Rihanna’s Fenty brand scrapped plans to release a highlighter because of social media backlash. The shade of highlighter was called “Geisha Chic,” a reference to the Japanese geisha tradition. Geishas were women that worked as entertainers and paid companions for centuries. Many social media users complained that there is an oppressive history tied to geisha culture.
Fenty was launched in 2017, in part, to be an inclusive line of cosmetics that would cater to all people. The beauty industry has historically been exclusive, especially to Black people and Fenty represented yet another step in the direction of progress and the rich tradition of Black women entrepreneurs. Rihanna developed Fenty Beauty with LVMH, a French conglomerate owned by Bernard Arnault, the richest man in Europe.

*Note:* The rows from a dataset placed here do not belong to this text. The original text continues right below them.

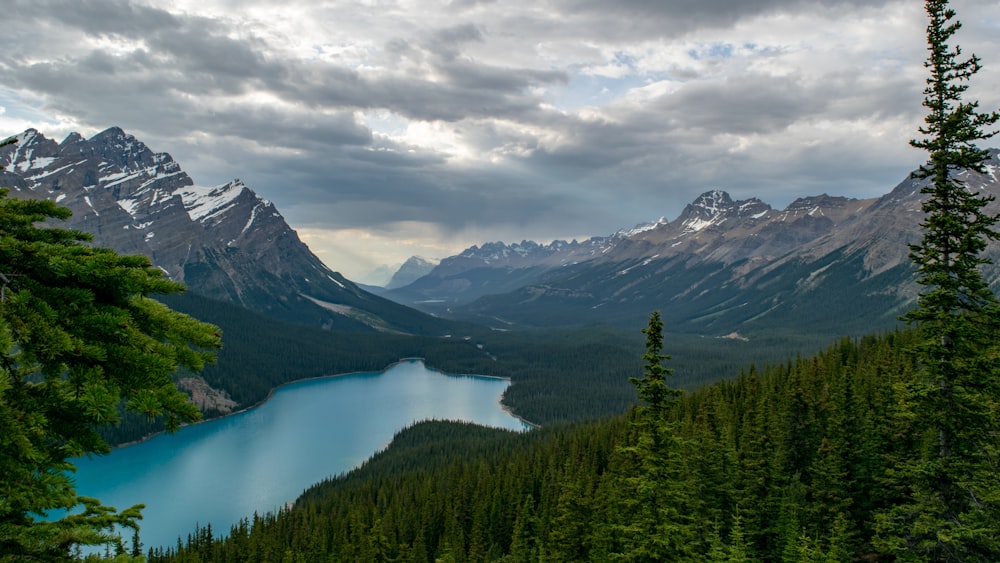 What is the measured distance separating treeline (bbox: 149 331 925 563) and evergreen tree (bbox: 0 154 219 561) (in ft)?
64.3

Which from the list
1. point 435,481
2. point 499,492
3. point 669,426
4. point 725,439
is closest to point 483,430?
point 435,481

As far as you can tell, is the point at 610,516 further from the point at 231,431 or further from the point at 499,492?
the point at 231,431

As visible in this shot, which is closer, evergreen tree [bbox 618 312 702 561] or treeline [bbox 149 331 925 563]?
evergreen tree [bbox 618 312 702 561]

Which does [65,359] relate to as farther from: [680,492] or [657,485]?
[680,492]

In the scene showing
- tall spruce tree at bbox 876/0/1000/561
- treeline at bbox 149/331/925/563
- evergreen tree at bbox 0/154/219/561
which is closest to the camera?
evergreen tree at bbox 0/154/219/561

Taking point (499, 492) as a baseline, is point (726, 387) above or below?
above

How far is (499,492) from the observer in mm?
74188

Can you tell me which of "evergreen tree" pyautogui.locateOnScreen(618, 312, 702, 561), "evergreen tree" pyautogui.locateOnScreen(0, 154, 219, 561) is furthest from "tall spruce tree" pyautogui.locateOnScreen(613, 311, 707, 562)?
"evergreen tree" pyautogui.locateOnScreen(0, 154, 219, 561)

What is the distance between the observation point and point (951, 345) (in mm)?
22953

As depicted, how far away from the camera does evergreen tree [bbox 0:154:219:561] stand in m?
6.42

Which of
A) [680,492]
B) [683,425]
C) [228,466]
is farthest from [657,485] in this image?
[228,466]

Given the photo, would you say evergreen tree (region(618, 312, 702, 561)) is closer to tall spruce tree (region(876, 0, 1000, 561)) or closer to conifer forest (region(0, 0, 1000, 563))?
conifer forest (region(0, 0, 1000, 563))

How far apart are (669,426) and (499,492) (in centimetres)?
5562

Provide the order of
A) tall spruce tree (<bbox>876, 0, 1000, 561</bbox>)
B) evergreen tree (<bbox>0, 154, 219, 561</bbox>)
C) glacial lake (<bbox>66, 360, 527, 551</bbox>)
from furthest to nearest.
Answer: glacial lake (<bbox>66, 360, 527, 551</bbox>)
tall spruce tree (<bbox>876, 0, 1000, 561</bbox>)
evergreen tree (<bbox>0, 154, 219, 561</bbox>) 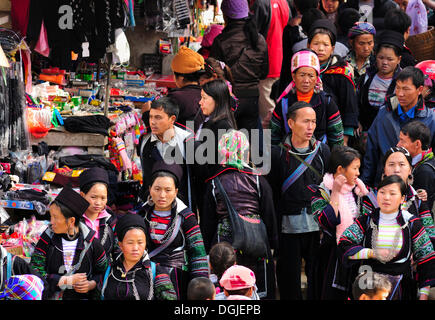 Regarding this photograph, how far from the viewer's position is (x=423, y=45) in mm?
9453

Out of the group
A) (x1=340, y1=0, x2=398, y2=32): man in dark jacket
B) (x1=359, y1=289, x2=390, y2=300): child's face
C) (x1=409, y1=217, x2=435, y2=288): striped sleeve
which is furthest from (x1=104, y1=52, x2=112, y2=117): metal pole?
(x1=359, y1=289, x2=390, y2=300): child's face

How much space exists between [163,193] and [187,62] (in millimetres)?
1964

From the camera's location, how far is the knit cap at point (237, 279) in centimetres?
479

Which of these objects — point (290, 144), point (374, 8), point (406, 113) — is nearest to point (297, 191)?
point (290, 144)

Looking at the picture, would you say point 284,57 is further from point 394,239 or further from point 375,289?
point 375,289

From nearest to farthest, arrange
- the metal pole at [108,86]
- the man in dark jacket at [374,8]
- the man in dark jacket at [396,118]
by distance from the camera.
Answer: the man in dark jacket at [396,118] < the metal pole at [108,86] < the man in dark jacket at [374,8]

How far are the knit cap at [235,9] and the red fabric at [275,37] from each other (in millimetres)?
547

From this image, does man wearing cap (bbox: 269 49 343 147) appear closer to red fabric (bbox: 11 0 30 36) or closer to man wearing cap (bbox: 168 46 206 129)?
man wearing cap (bbox: 168 46 206 129)

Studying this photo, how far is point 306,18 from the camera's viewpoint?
8672 mm

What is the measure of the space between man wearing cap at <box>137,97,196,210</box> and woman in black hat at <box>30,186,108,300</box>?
3.08 ft

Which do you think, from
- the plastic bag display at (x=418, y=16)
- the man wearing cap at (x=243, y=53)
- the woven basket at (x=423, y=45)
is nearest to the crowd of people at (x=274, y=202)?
the man wearing cap at (x=243, y=53)

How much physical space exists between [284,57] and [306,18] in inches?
25.3

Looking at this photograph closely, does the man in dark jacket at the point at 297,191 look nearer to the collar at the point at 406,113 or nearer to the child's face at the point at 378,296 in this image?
the collar at the point at 406,113

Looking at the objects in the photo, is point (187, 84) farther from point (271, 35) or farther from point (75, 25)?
point (271, 35) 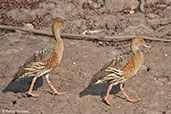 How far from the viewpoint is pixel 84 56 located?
29.9 feet

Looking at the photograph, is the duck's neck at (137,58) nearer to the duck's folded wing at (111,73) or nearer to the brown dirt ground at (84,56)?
the duck's folded wing at (111,73)

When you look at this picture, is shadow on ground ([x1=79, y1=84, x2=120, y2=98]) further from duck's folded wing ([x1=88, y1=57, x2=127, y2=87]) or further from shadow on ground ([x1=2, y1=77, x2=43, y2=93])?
shadow on ground ([x1=2, y1=77, x2=43, y2=93])

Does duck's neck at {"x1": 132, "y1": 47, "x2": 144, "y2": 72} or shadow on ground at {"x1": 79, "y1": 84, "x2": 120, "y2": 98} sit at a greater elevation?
duck's neck at {"x1": 132, "y1": 47, "x2": 144, "y2": 72}

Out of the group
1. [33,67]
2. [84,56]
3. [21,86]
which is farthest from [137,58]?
[21,86]

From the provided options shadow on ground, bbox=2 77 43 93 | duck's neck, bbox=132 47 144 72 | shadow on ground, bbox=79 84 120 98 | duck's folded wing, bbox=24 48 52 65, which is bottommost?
shadow on ground, bbox=79 84 120 98

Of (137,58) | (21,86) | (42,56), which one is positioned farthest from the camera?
(21,86)

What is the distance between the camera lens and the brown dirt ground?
6.95m

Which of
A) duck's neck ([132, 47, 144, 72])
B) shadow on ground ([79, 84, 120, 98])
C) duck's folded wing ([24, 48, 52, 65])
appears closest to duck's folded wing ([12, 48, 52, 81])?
duck's folded wing ([24, 48, 52, 65])

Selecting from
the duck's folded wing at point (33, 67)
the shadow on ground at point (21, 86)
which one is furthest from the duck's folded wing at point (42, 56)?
the shadow on ground at point (21, 86)

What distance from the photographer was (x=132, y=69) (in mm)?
6988

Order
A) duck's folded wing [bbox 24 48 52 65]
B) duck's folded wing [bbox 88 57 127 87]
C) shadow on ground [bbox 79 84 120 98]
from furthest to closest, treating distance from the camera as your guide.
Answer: shadow on ground [bbox 79 84 120 98] → duck's folded wing [bbox 24 48 52 65] → duck's folded wing [bbox 88 57 127 87]

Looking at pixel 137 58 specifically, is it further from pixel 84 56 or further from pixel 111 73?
pixel 84 56

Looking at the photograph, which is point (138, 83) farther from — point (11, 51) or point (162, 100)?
point (11, 51)

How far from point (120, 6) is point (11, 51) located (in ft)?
16.8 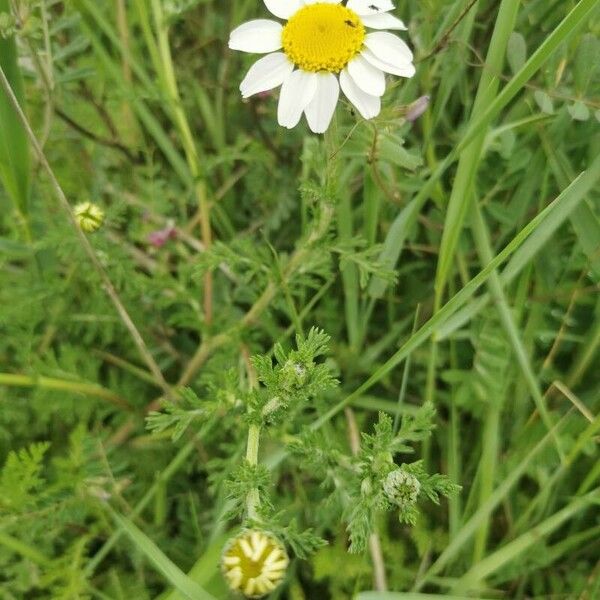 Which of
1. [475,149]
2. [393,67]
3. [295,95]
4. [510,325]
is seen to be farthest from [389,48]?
[510,325]

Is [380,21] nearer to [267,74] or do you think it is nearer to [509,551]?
[267,74]

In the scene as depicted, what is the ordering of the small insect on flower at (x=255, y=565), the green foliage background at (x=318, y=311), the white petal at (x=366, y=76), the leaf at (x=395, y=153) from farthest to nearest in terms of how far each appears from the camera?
the green foliage background at (x=318, y=311), the leaf at (x=395, y=153), the white petal at (x=366, y=76), the small insect on flower at (x=255, y=565)

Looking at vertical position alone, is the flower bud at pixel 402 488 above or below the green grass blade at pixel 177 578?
above

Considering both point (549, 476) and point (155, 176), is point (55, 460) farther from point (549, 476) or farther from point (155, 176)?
point (549, 476)

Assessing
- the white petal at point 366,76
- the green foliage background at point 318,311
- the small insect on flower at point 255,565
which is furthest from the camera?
the green foliage background at point 318,311

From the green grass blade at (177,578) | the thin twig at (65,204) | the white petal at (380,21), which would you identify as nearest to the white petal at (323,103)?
the white petal at (380,21)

Brands such as Louis Vuitton and Christian Dior are also in the LVMH family. LVMH produces Fenty’s products through a white label agreement.
This latest controversy is ironic — Black people are often the victims of cultural appropriation. Hair, fashion, clothing, music and even preaching styles are often targets. Rihanna, a Black woman, now finds herself on the other end of allegations of cultural appropriation and insensitivity. Fenty responded to Instagram users, “We hear you,” the message read. “We wanted to personally apologize. Thank you so much for educating us.” The product has been pulled back and will be renamed.
We believe in “Buy Black but sell to everyone.” This incident offers a lesson for Black entrepreneurs in that pursuit. As we call for others to have greater understanding of our history and oppression, we must make a similar effort, if we are to become universal sellers. And to sell universally should be the ultimate goal. Black people have been universal consumers for a long time, universal selling is our next stop.